Médecin généraliste de ville, je suis un certain nombre de patients séropositifs et pratique sans retenue le dépistage du VIH, mais puisqu'il s'agit de sexualité, je diagnostique chaque année bien plus de grossesses chez des lycéennes. Comme pour le SIDA, les chiffres d'IVG en France sont mauvais, au regard des autres pays industrialisés. On en recense plus de 200 000 par an, dont 13 000 uniquement chez des filles de 15 à 17 ans ! Alors, que le SIDA est une inquiétude régulièrement évoquée par les jeunes, je centre la prévention sexuelle sur le risque premier des lycéens, à savoir une grossesse ! 100% des premiers rapports ne sont pas protégés leur dis-je. En plus de 20 ans, je n'ai été contredit que très rarement. Alors, le préservatif bien entendu, mais quid de la maladresse, de la timidité bien légitime lors des premiers rapports ?

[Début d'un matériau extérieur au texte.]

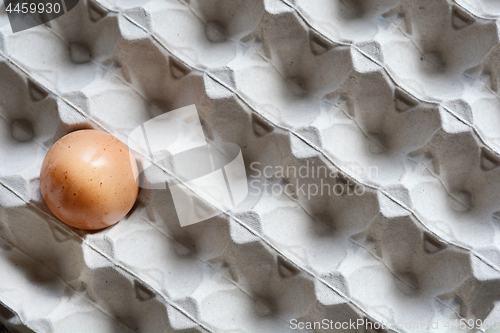 Image of Egg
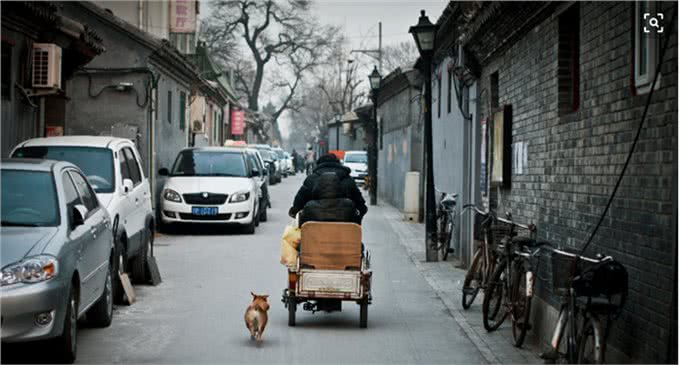 高速路上救下一只狗，没想到一月之后，狗狗领着主人前来报恩!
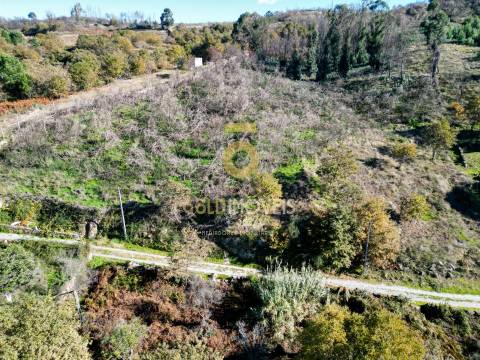 Terreno Rústico  Venda em Grilo,Baião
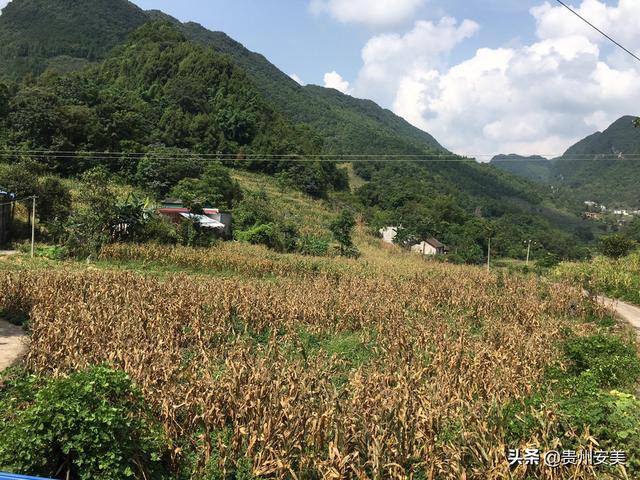 农产品种植项目计划书 农业企业愿景简述范文？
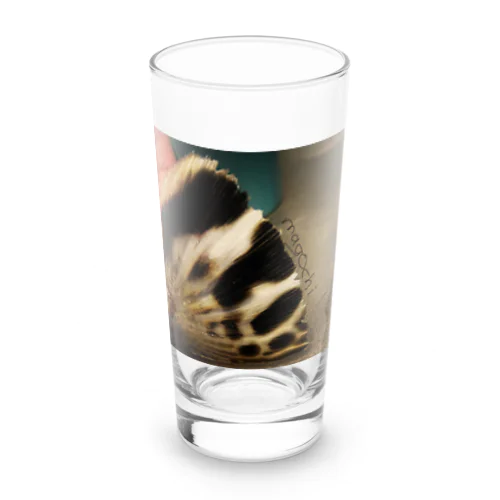 magochi Long Sized Water Glass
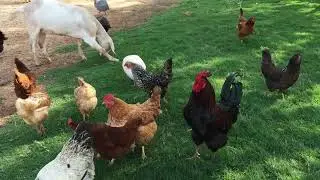 rooster free to subscriber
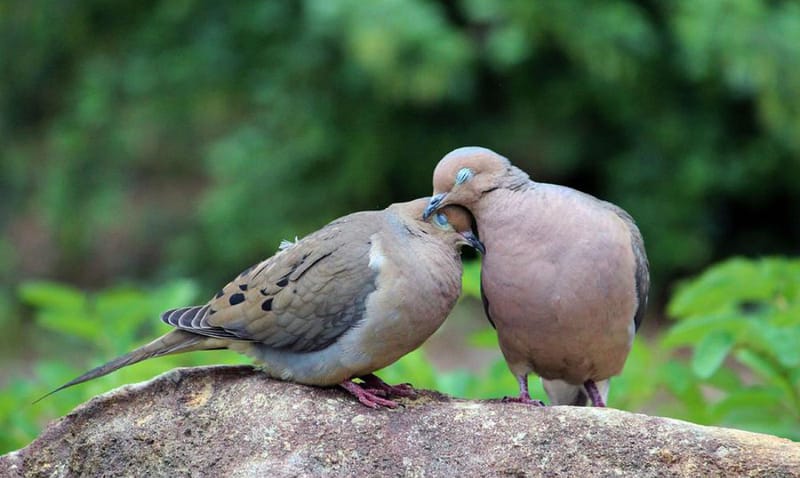 LJUBAVNA SAGA DVAJU OSI GOLUPČIĆA - NADA UMIRE POSLJEDNJA -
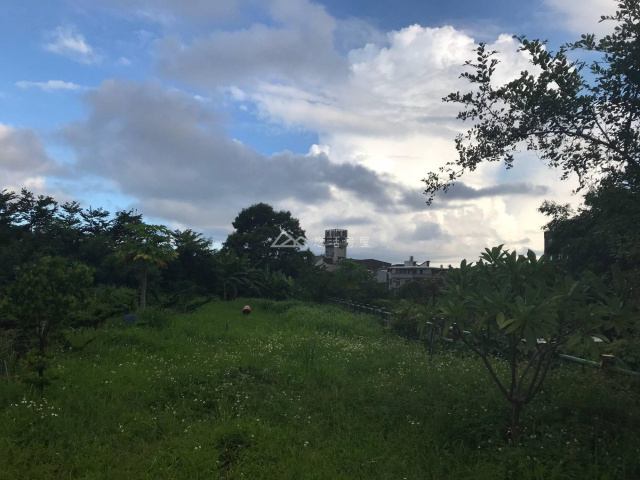 中央農地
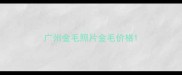 广州金毛照片金毛价格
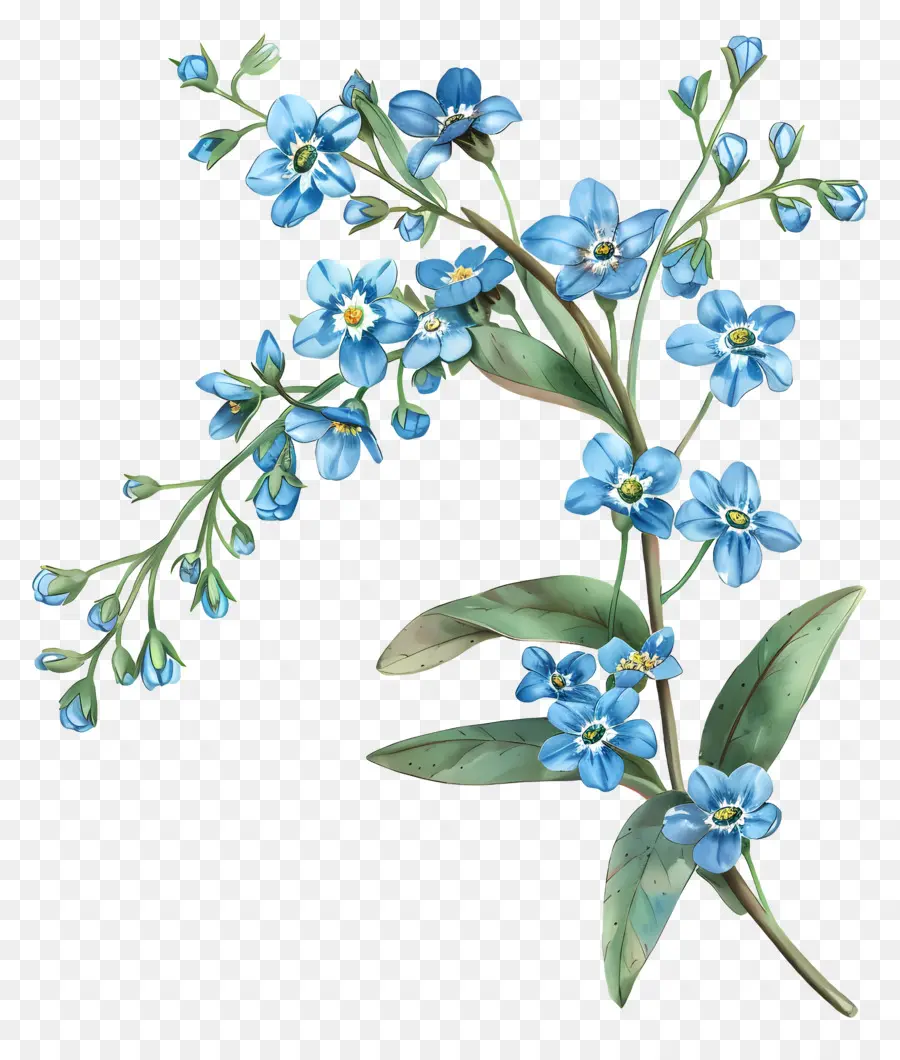 Fleurs Bleues，Forgetmenot PNG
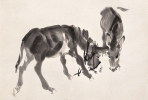 (NZ06-073  ) Painting Donkey Dos D´âne Esel Anes ,  Postal Stationery-Postsache F -Articles Postaux - Donkeys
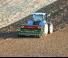 Regent Seedstar RSM V 312 DS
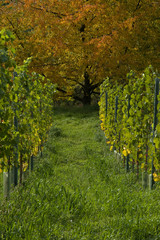 Weinberg und Ahornbaum im Herbst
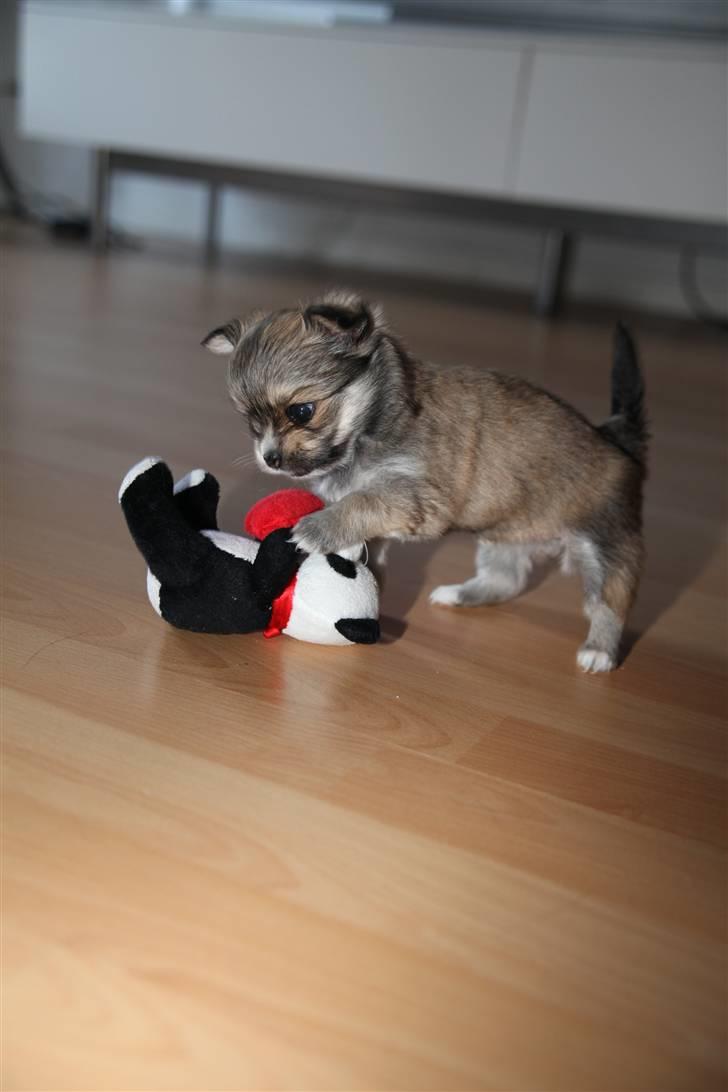 Chihuahua Divine Angel billede 10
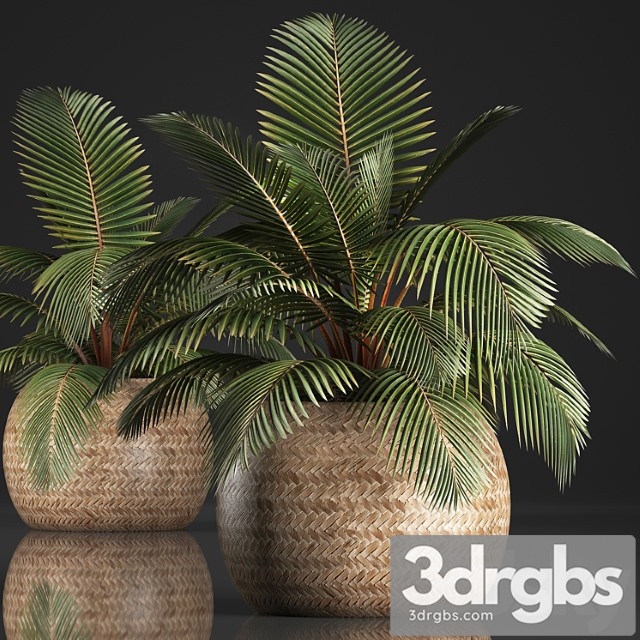 Plant coconut palm 340. small palm, basket, rattan, indoor, interior, eco design, natural decor - thumbnail 1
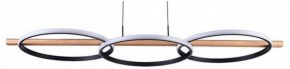 Подвесной светильник Arte Lamp Fluido A3913SP-24BK в Приобье - priobie.mebel24.online | фото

Continuons à lancer de grandes opérations catégorielles de dépistage de masse sans cohérence générale, mais sachons qu'il ne s'agit pas de santé publique. Comme cette grotesque campagne de sensibilisation au dépistage précoce de l'Alzheimer. Qu'on me dise quel bénéfice réel j'aurais à savoir que je suis en train de développer cette maladie !

La santé publique est une démarche radicalement différente de celle du soin au patient. Il faudra bien un jour l'aborder autrement que par les seuls avis experts de chaque maladie.